Partiamo dal racconto delle aziende, il core della nostra di startup fin da quando ha mosso i primi passi nel 2015. Parliamo davvero di essere “human to human” e per questo abbiamo preso a prestito la metafora del ponte. Una bridge strategy che prima di attraversare il “Key Performance Indicator” dell’azienda, attraversi le paure mettendo al centro le persone. Una via nuova, inedita e a tratti impervia. Ma l’unica per la quale vale la pena provare a tessere relazioni di “valori”.

Le imprese, i brand, sono fatti di persone. E come le persone hanno punti di forza e fragilità, entusiasmi e debolezze. Fino ad oggi per raccontarci abbiamo voluto indossare il vestito migliore. Ma da oggi per raccontarci con reale trasparenza ed essere più vicini alle persone dobbiamo parlare anche delle nostre insicurezze, per scoprire che spesso sono condivise.
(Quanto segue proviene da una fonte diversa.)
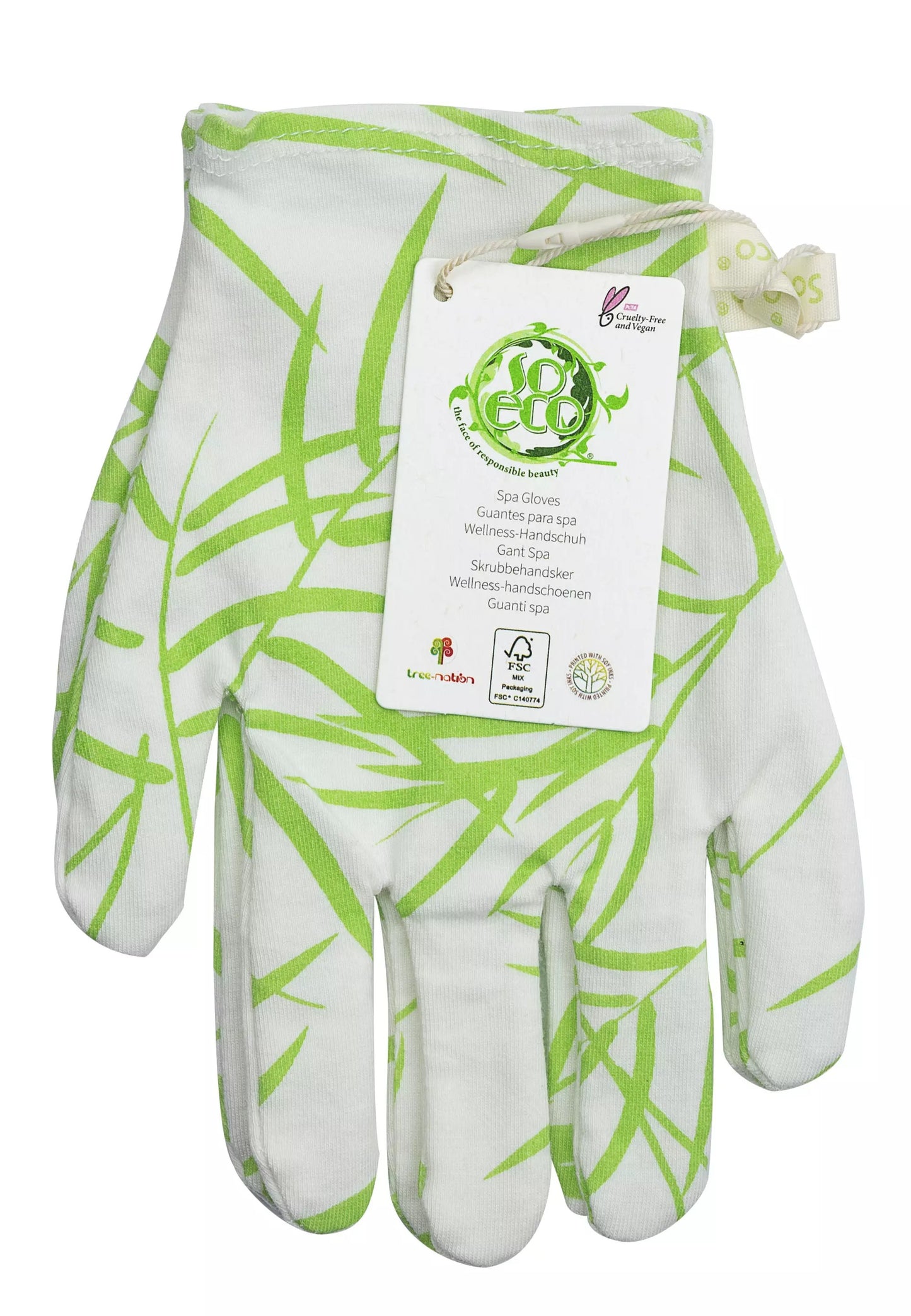 So Eco Spa Gloves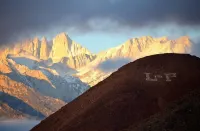 Mt Whitney View Home!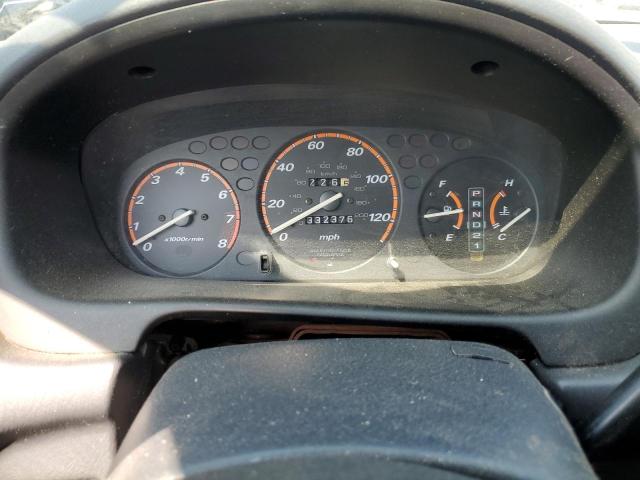 Photo 9 from auction – 2001 HONDA CR-V LX with VIN JHLRD28431S009427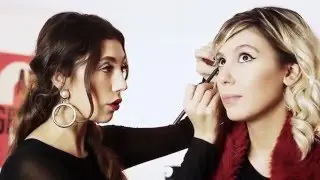 Sore & Make-up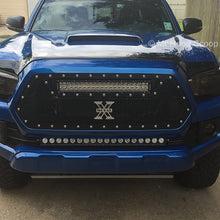 Unpainted Hood Scoop Compatible with Toyota Tacoma Years 1980-2020 by MrHoodScoop HS009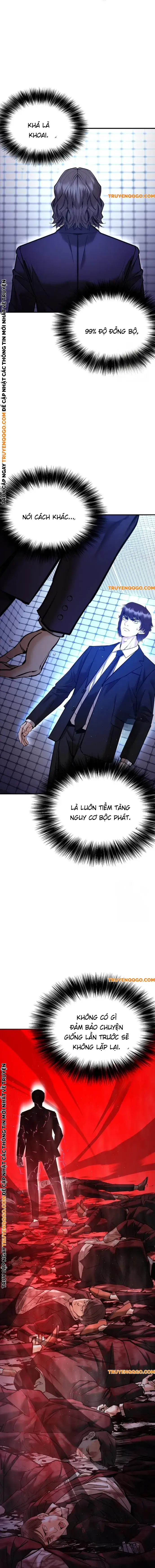 Bộ Vest Siêu Năng Chap 9 - Next Chap 10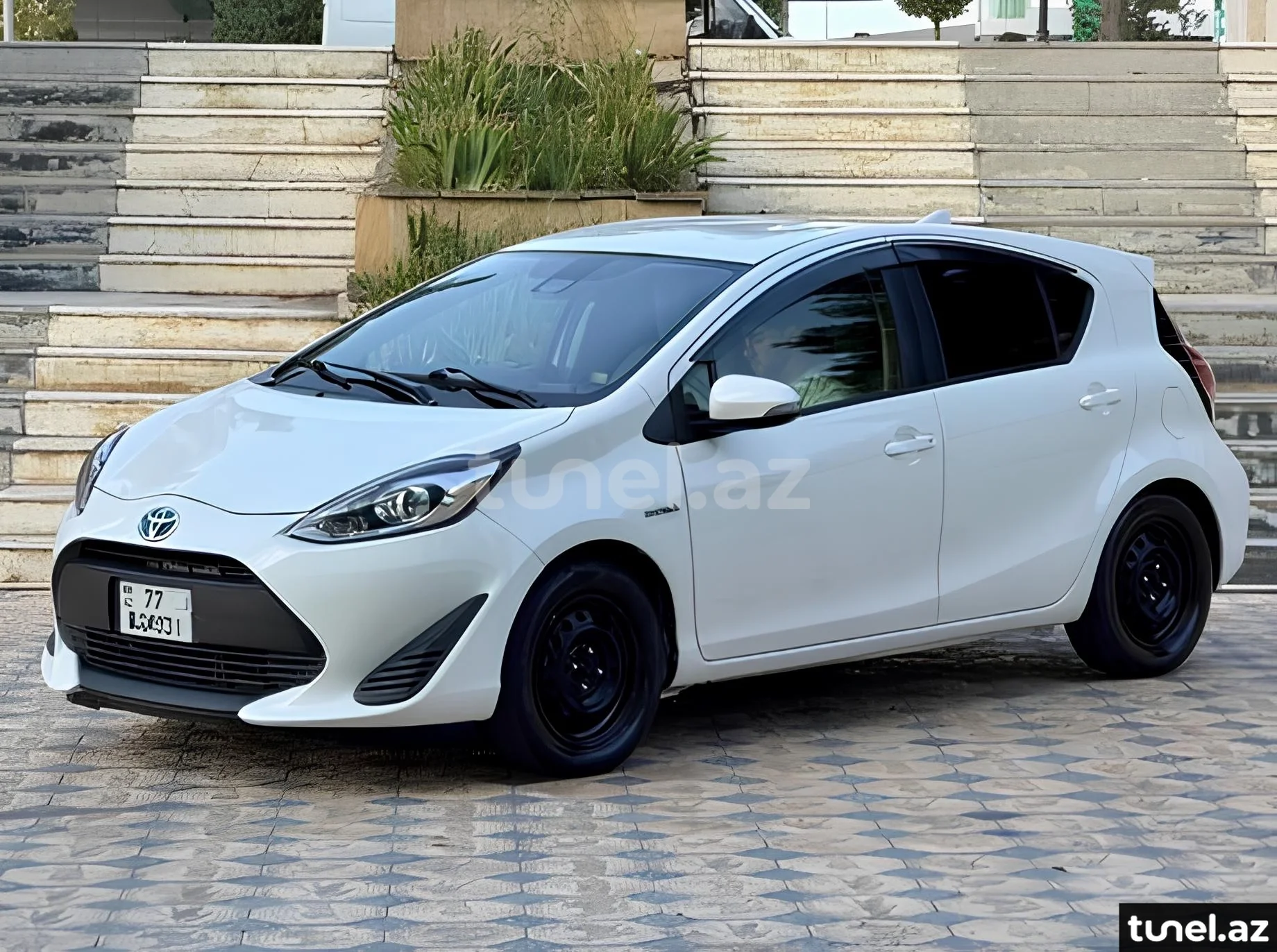 Toyota Aqua 2017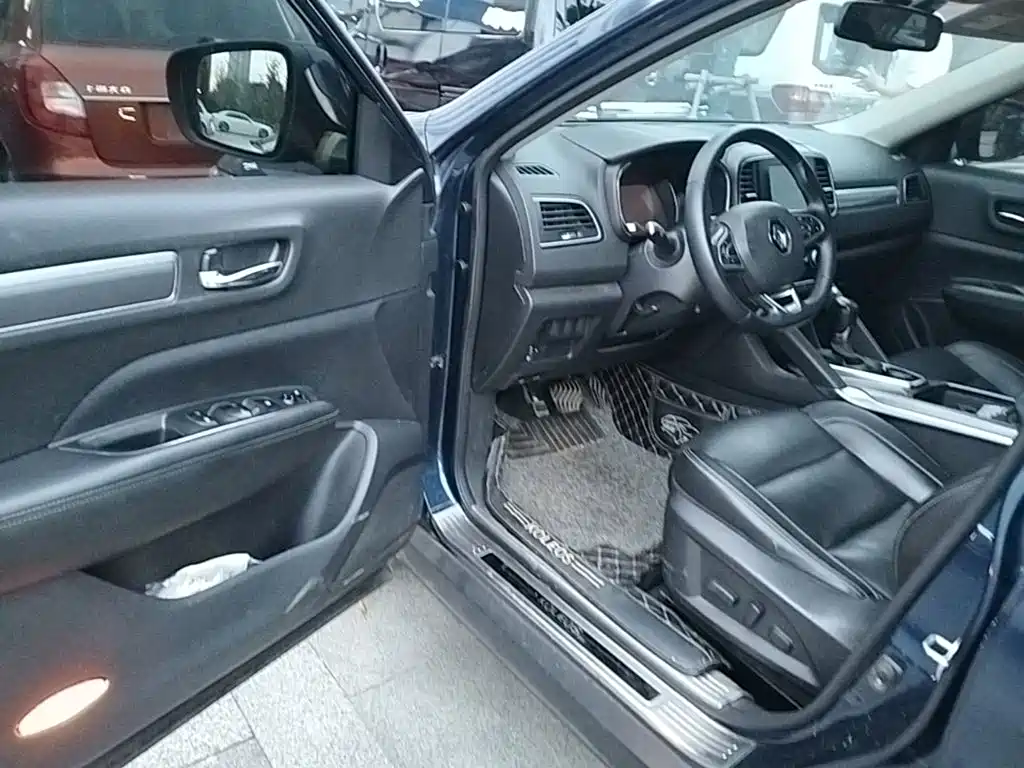 Renault Koleos — миниатюра 16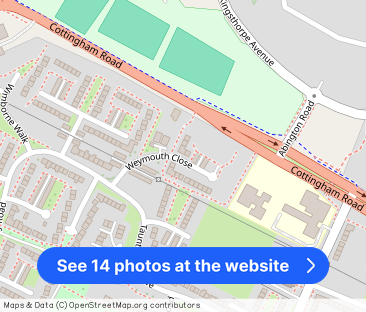 Weymouth Close, CORBY - Photo 1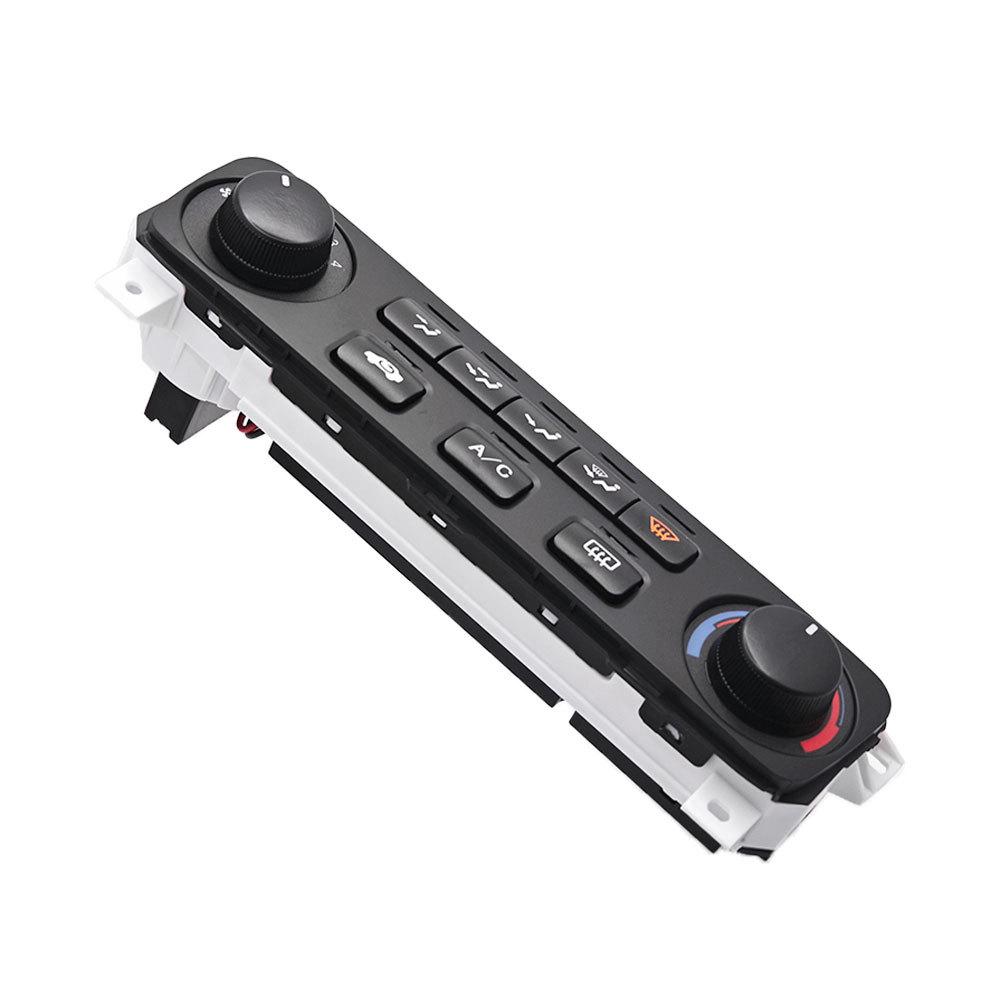 

79600-S84-A21ZA: Fits 2001-2002 Honda Accord A/C Control Panel Button Switch Haohai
Dobbiamo parlare della nostra ansia, dei progetti fermi, della paura di non poter ripartire e di quel senso di impotenza che ci travolge tutti in un momento dove ci sentiamo a volte inutili.

Solo cambiando il nostro approccio alla comunicazione adesso che i fatti di realtà ce ne danno l’opportunità e mutuando questo cambiamento, tenendocelo stretto quando le cose andranno meglio, potremo davvero dire che il brand è dentro la società e può condividere con lei successi, qualche debolezza, entusiasmi e certo condividere a pieno progetti nuovi.

Siamo solo all’inizio del viaggio, ma abbiamo sempre meno tempo. Prima che tutto ritorni come prima, prima che tutto sia drammaticamente vano.